(Provided material begins)
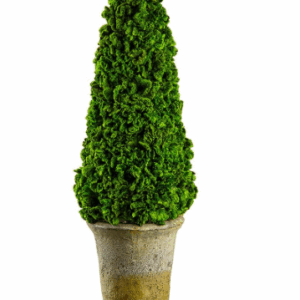 Topiario de Celosia Preservada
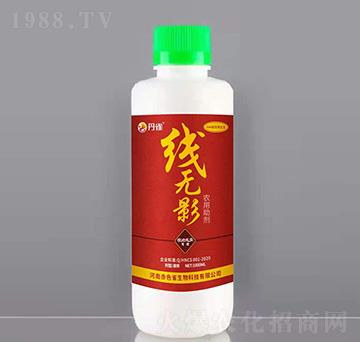 �r(n��ng)������-���o(w��)Ӱ-��ȸ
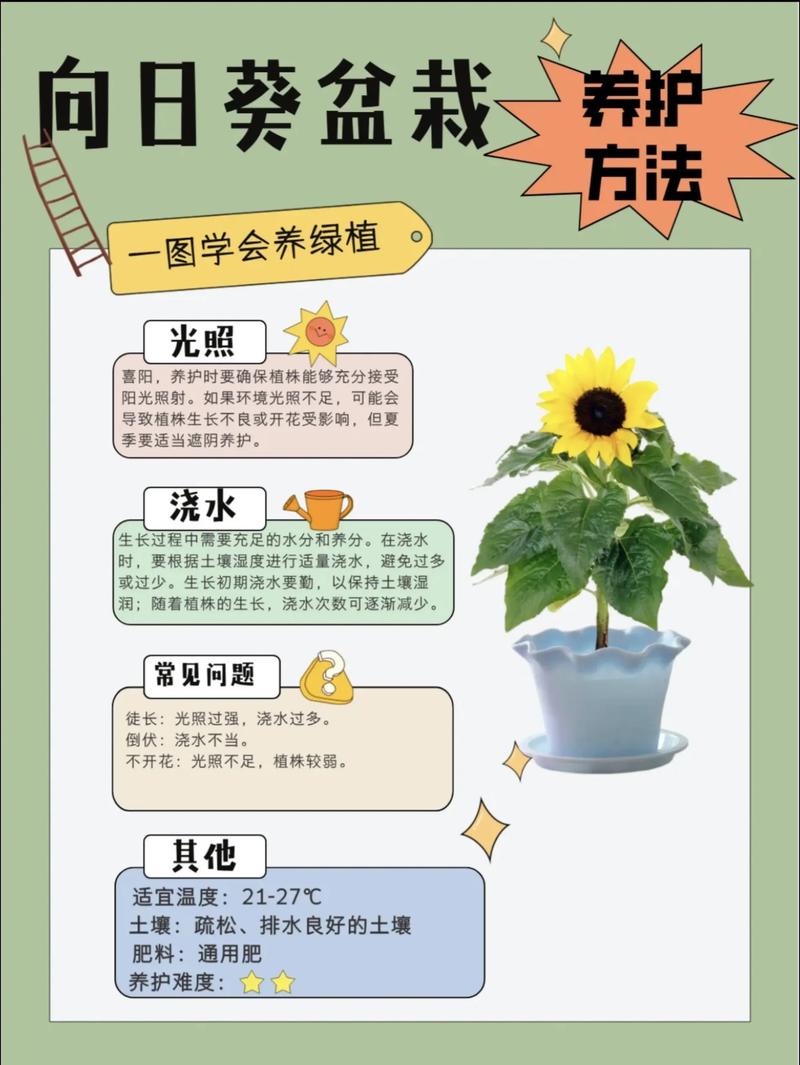 向日葵的栽培条件缩略图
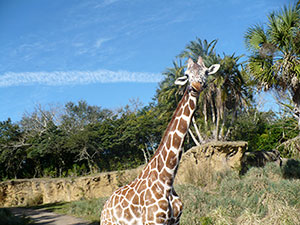 Animal Kingdom Giraffe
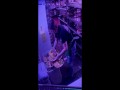 Umieszczenie tacy pełnej jedzenia na brudnym plastikowym koszu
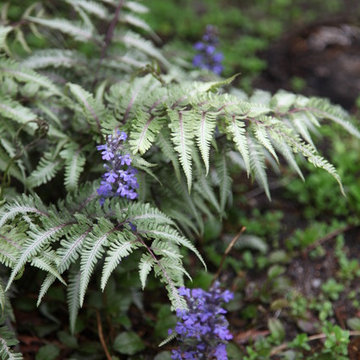 Woodland Garden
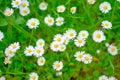 Daisy flowers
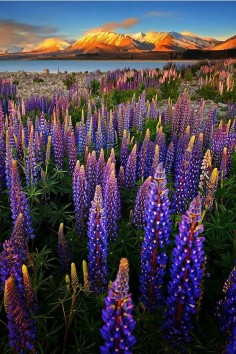 Lupine Fiesta, Southern Alps, New Zealand, by Patrick Marson Ong, on 500px.(Trimming)
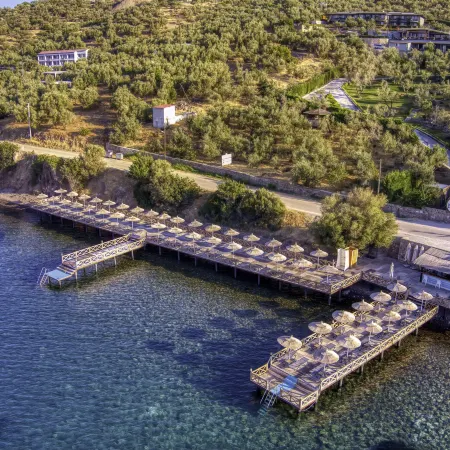 Assos Dionysos Special Class Hotel Adults Only 12 Years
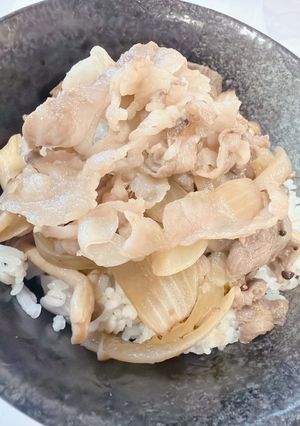 茅乃舎だし（顆粒だし）で簡単つゆだく牛丼-レシピのメイン写真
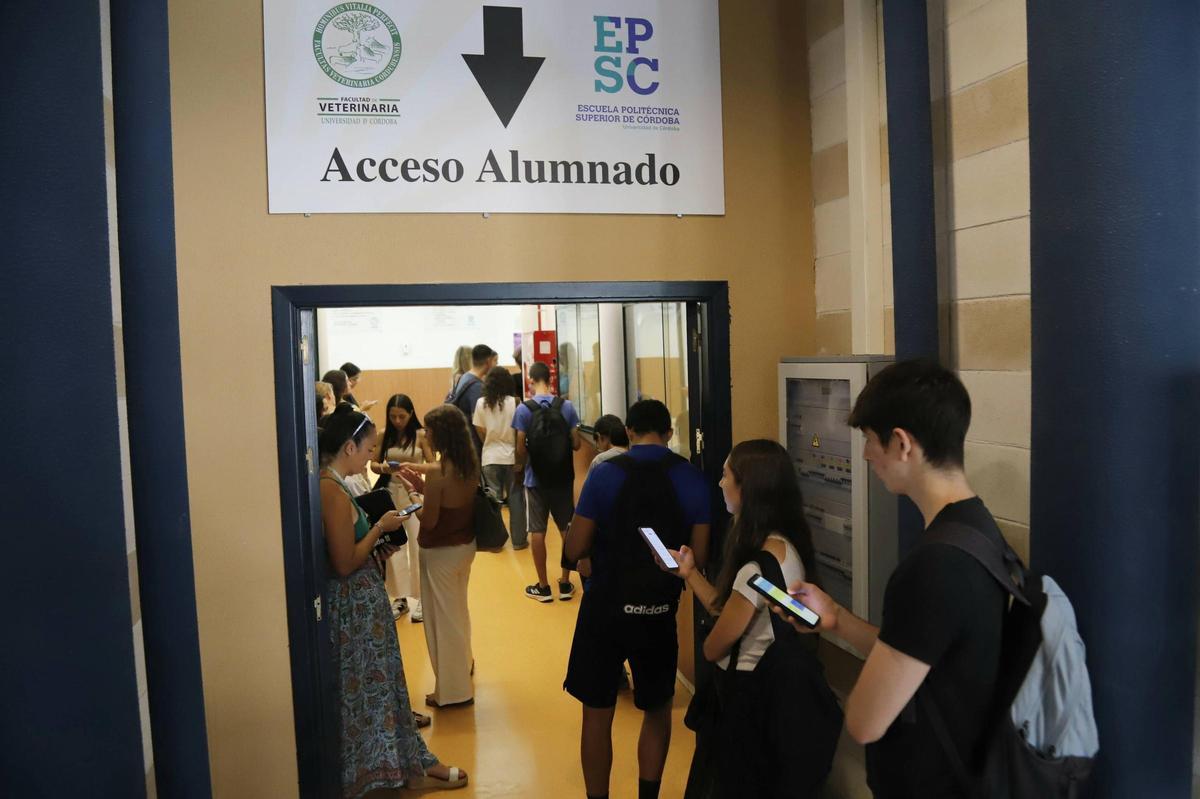 La promoción de hábitos de consumo responsables ha permitido reducir el consumo eléctrico.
(Provided material ends)
*Problem requirements:*
Only the text of the entries above, transcribed exactly, should be given; leave out pictures.

*Output for this exercise:*
 Topiario de Celosia Preservada
 �r(n��ng)������-���o(w��)Ӱ-��ȸ
 向日葵的栽培条件缩略图
 Animal Kingdom Giraffe
 Umieszczenie tacy pełnej jedzenia na brudnym plastikowym koszu
 Woodland Garden
 Daisy flowers
 Lupine Fiesta, Southern Alps, New Zealand, by Patrick Marson Ong, on 500px.(Trimming)
 Assos Dionysos Special Class Hotel Adults Only 12 Years
 茅乃舎だし（顆粒だし）で簡単つゆだく牛丼-レシピのメイン写真
 La promoción de hábitos de consumo responsables ha permitido reducir el consumo eléctrico.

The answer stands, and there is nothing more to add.